The end product is brown but is considered white stock because the meat was poached rather than roasted. This is important to know because in the end, when you sieve the stock, you may press down on the ingredients to extract any extra stock held in the mixtures with the back of a ladle, but NEVER press down on a white stock when skimming because you will cloud the stock.
After lunch, we had a class on fresh herbs.

On Thursday, we focused on the technique for making a suc from chicken stock, clarifying stock, in this case, our Marmite from the day before, from which we made consommé, Pot-au-feu, and Choux farci.
Friday, we focused on the “Five French Mother Sauces” (No, these are not sauces the chef’s French mother used to make). French mother sauces are the foundational sauces in French cuisine, defined by Auguste Escoffier in 1903. Escoffier traveled around France, talked to lots of chefs, and wrote down (aka codified) French cuisine in a massive tome called “Le Guide Culinaire.” In it, he defined the “Five French Mother Sauces” upon which all other sauces in French cuisine derive (and there are a lot of sauces).

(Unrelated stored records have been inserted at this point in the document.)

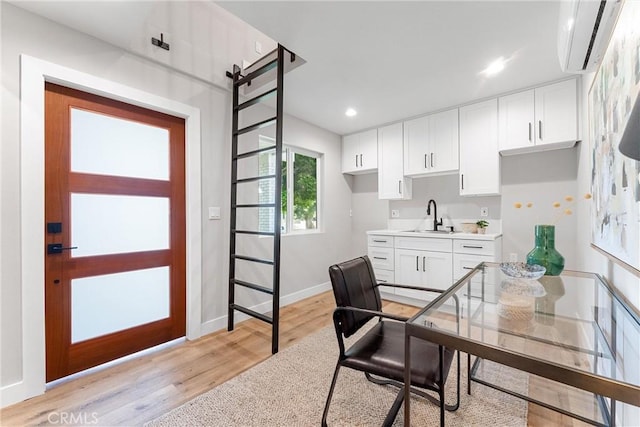 office area featuring a wall unit AC, light hardwood / wood-style floors, and sink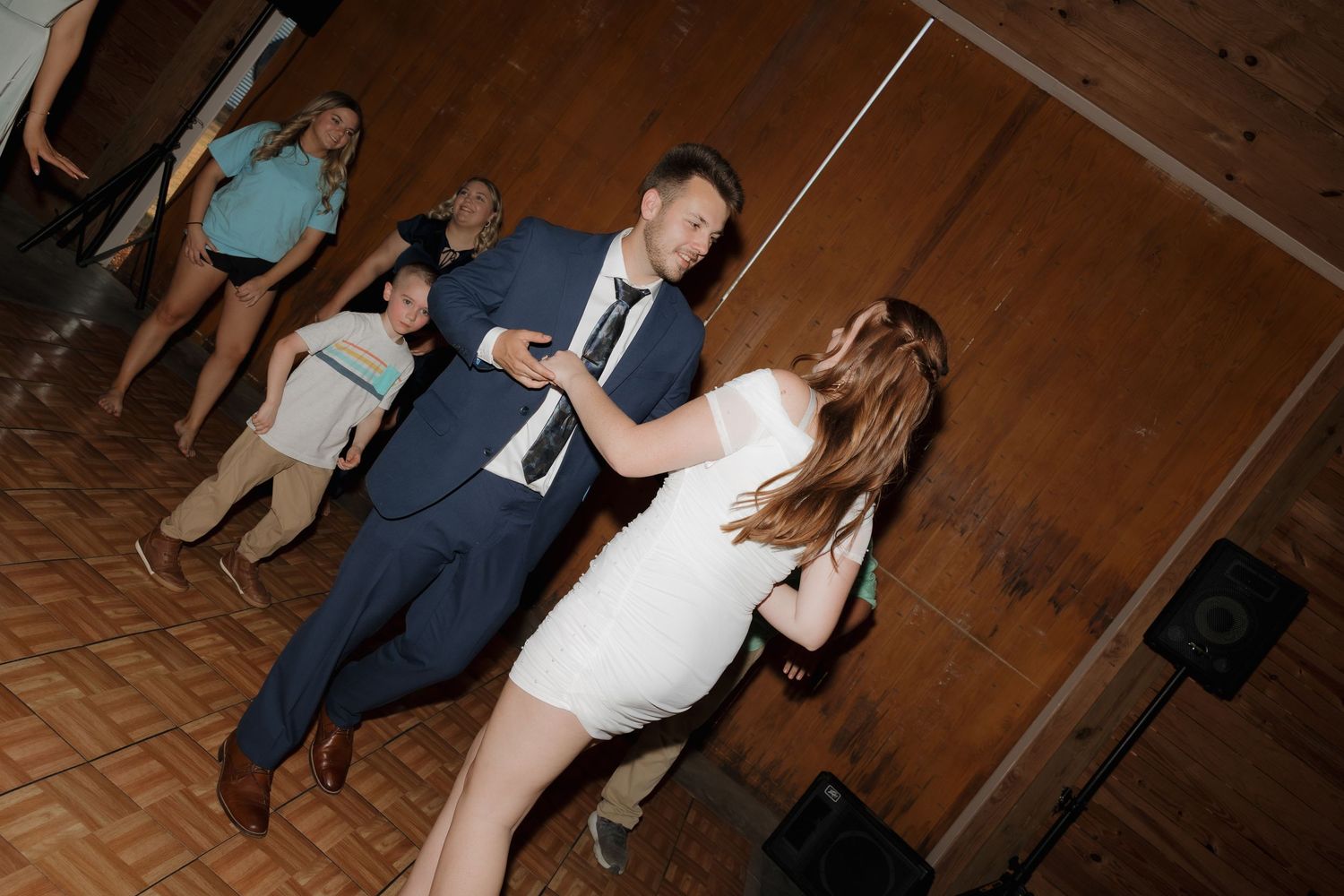 A group of people dancing and celebrating at a rustic indoor wedding reception venue with wooden walls and floors.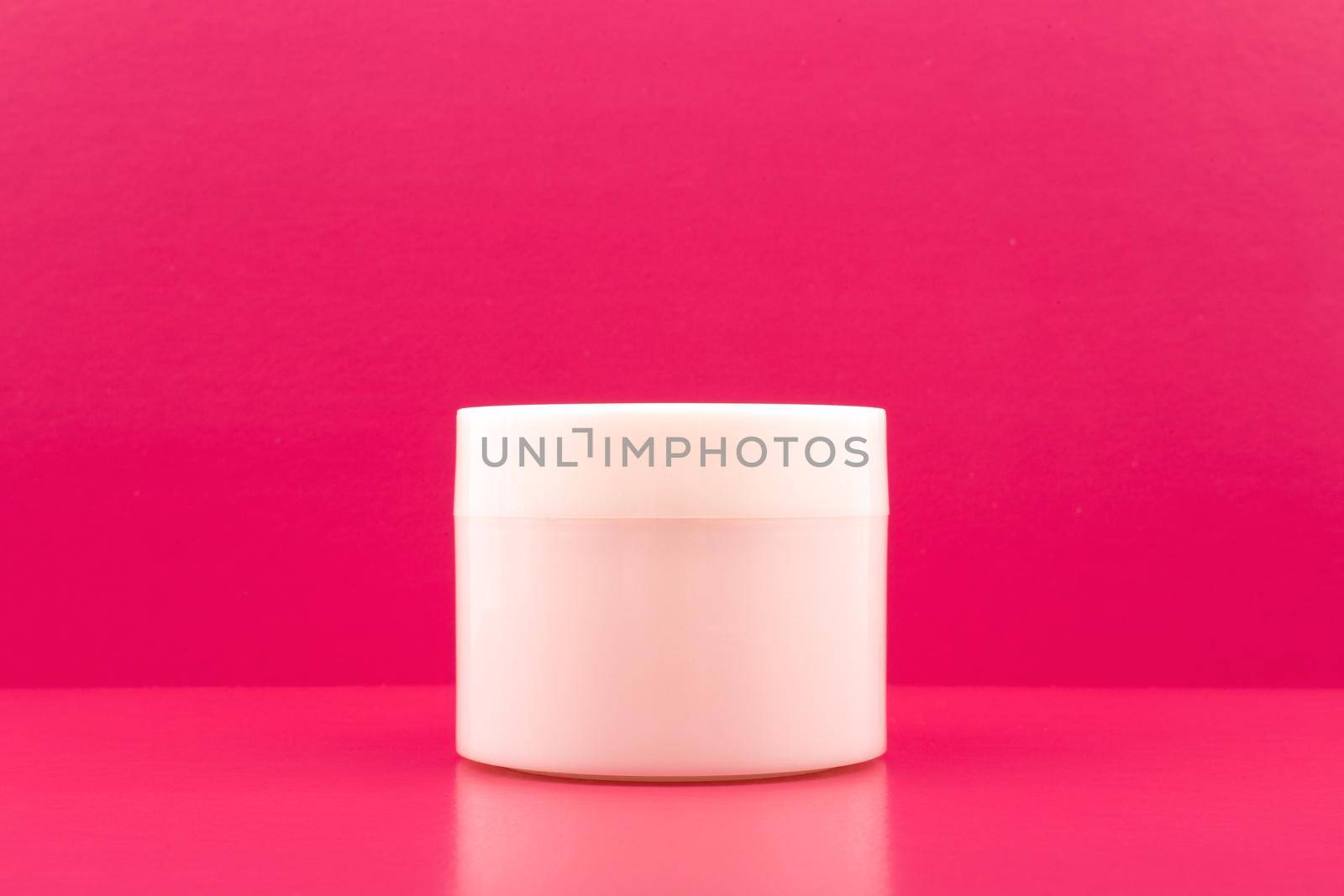 Simple still life with white jar with mask, cream or balm on pink table against pink background with copy space  by Senorina_Irina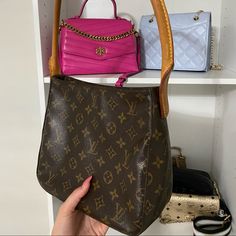 This Beauty Is An Authentic 2003 Lv Looping Bag. It Is In Excellent Condition And Only Shows A Few Marks Of Wear And Tear. On One Side Of The Handle A String Came Loose So I Rethreaded It And Tied It. It Has Stayed Put Ever Since! The Leather Has Aged Perfectly And The Inside Only Had One Mark At The Bottom! Louis Vuitton Croisette, Louis Vuitton Neverfull Damier, Lv Pochette Metis, Uggs With Bows, Louis Vuitton Tivoli, Louis Vuitton Totally, Louis Vuitton Petit Noe, Marc Jacobs Purse, Lv Pochette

For example, one of the “Five French Mother Sauces” is Béchamel sauce, a white sauce. It is a foundational sauce made by creating a roux (50% flour, 50% butter) and then adding milk, nutmeg, salt, and white pepper. Béchamel sauce can be used to make lasagna. But add cheese to it, and it becomes “Mornay Sauce” and “offspring of Béchamel. This is referred to as a “daughter sauce.” There are “Five French Mother Sauces.” They are Béchamel, Velouté, Espagnole, Hollandaise, and Tomato. More about these sauces and derivatives later.